An exact repetition of the data below, without images, is the expected answer.

- [STORED DATA]
Segment Open

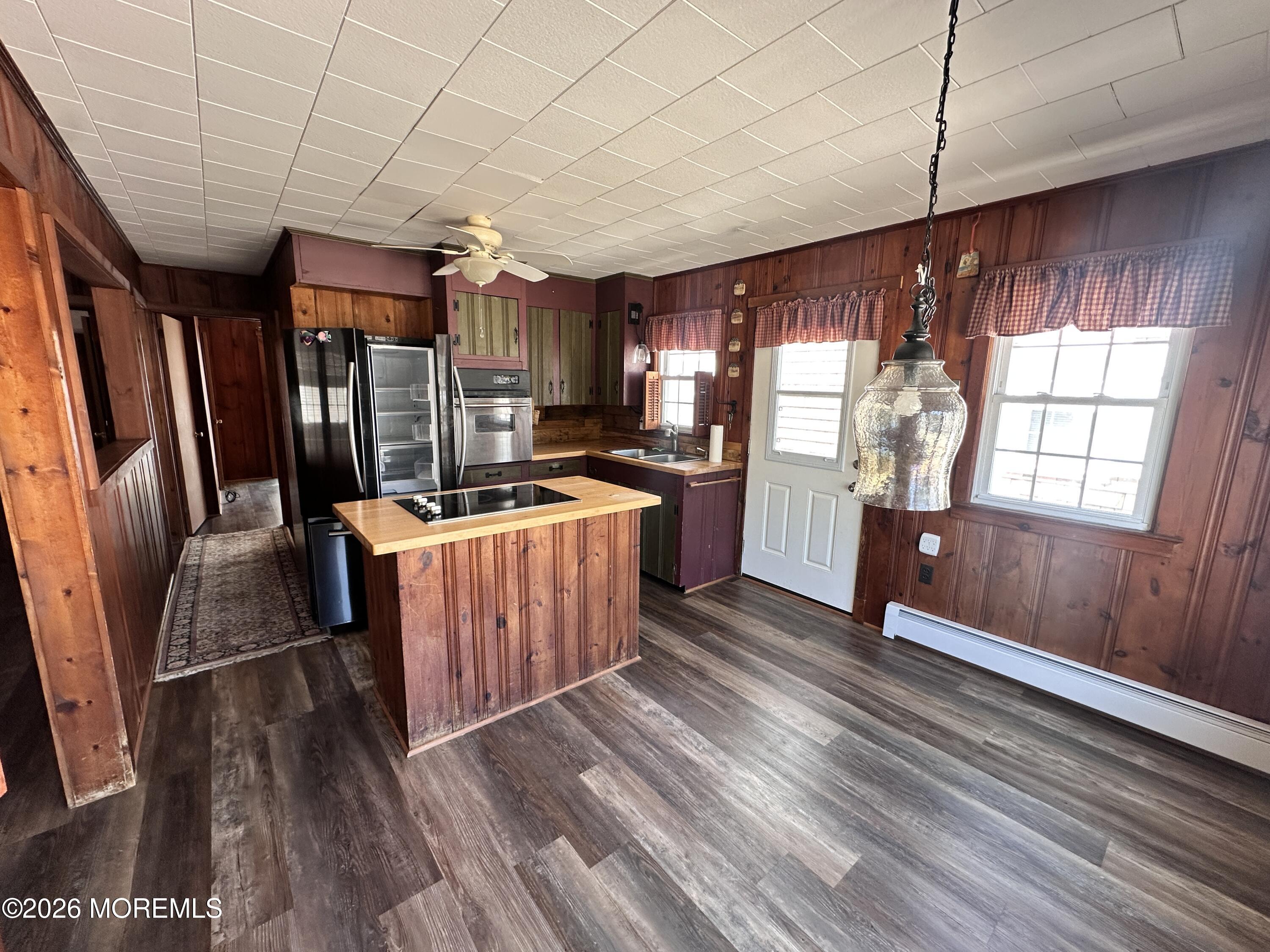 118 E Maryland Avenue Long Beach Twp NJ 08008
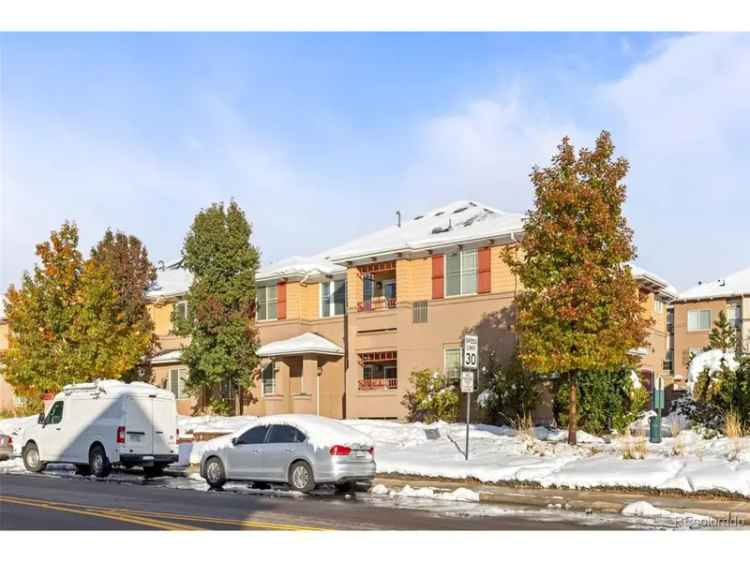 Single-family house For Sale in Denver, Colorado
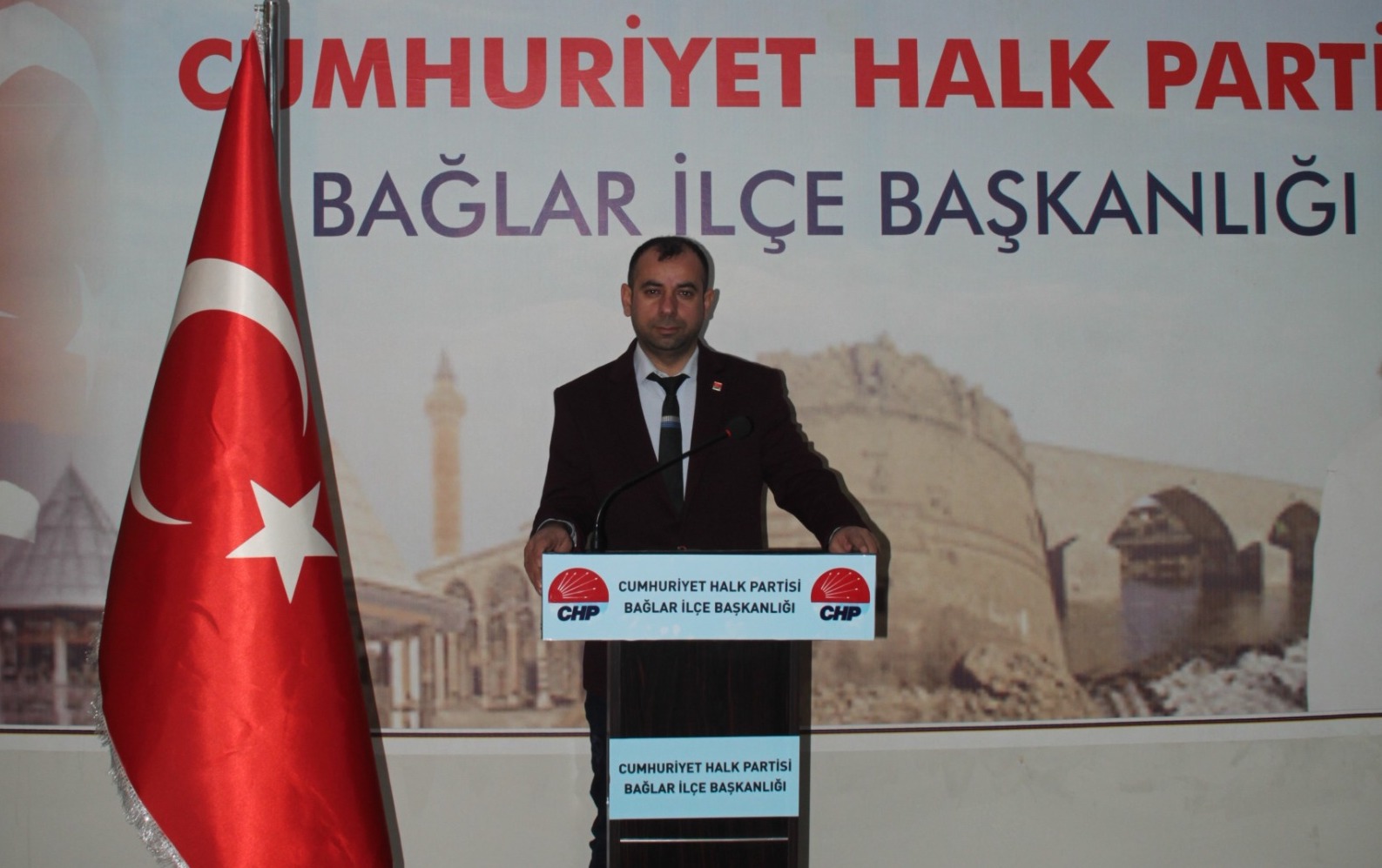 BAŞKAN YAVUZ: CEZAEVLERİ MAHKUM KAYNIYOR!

Segment Closed

- [YOUR RESPONSE]
 118 E Maryland Avenue Long Beach Twp NJ 08008
 Single-family house For Sale in Denver, Colorado
 BAŞKAN YAVUZ: CEZAEVLERİ MAHKUM KAYNIYOR!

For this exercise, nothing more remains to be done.